- **The problem**
Write out precisely the lines beginning with the line that contains "Продается 1-комнатная квартира, 24,1 м²" and ending with the last line of the entries, and no other lines.

[Data entries]
• • •

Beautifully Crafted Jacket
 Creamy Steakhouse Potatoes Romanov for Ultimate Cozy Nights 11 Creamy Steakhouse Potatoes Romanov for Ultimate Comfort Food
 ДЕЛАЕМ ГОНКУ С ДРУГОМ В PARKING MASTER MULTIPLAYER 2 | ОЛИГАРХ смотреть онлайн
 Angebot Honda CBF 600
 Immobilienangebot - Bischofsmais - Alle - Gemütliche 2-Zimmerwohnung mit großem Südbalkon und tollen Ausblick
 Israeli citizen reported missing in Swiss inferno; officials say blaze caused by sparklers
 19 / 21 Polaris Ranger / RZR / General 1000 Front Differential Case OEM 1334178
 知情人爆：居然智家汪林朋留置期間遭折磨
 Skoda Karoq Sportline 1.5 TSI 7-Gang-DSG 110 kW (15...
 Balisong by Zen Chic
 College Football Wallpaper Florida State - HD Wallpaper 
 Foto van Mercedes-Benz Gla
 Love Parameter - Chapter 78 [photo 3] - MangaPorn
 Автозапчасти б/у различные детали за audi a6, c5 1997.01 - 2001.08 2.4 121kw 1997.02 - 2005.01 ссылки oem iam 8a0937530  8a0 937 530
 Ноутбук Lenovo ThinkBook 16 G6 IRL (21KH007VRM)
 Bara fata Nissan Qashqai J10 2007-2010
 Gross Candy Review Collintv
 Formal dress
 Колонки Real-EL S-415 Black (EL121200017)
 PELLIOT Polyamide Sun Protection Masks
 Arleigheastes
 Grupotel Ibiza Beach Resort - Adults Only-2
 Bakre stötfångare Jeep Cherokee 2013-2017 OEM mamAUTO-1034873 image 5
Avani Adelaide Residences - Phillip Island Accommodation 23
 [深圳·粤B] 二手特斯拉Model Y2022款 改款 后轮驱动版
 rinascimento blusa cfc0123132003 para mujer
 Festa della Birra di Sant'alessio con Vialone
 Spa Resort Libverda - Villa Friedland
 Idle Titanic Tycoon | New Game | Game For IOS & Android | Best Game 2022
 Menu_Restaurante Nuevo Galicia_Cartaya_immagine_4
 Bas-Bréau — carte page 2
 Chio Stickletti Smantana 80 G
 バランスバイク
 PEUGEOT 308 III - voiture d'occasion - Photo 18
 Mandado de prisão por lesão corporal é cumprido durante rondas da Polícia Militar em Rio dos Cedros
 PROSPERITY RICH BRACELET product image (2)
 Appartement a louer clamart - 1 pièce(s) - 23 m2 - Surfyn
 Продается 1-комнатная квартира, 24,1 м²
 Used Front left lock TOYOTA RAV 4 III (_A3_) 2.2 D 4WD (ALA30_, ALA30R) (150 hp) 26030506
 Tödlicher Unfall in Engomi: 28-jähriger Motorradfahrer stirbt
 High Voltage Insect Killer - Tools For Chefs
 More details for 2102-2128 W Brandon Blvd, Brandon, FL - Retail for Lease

• • •

- **Answer section**
 Продается 1-комнатная квартира, 24,1 м²
 Used Front left lock TOYOTA RAV 4 III (_A3_) 2.2 D 4WD (ALA30_, ALA30R) (150 hp) 26030506
 Tödlicher Unfall in Engomi: 28-jähriger Motorradfahrer stirbt
 High Voltage Insect Killer - Tools For Chefs
 More details for 2102-2128 W Brandon Blvd, Brandon, FL - Retail for Lease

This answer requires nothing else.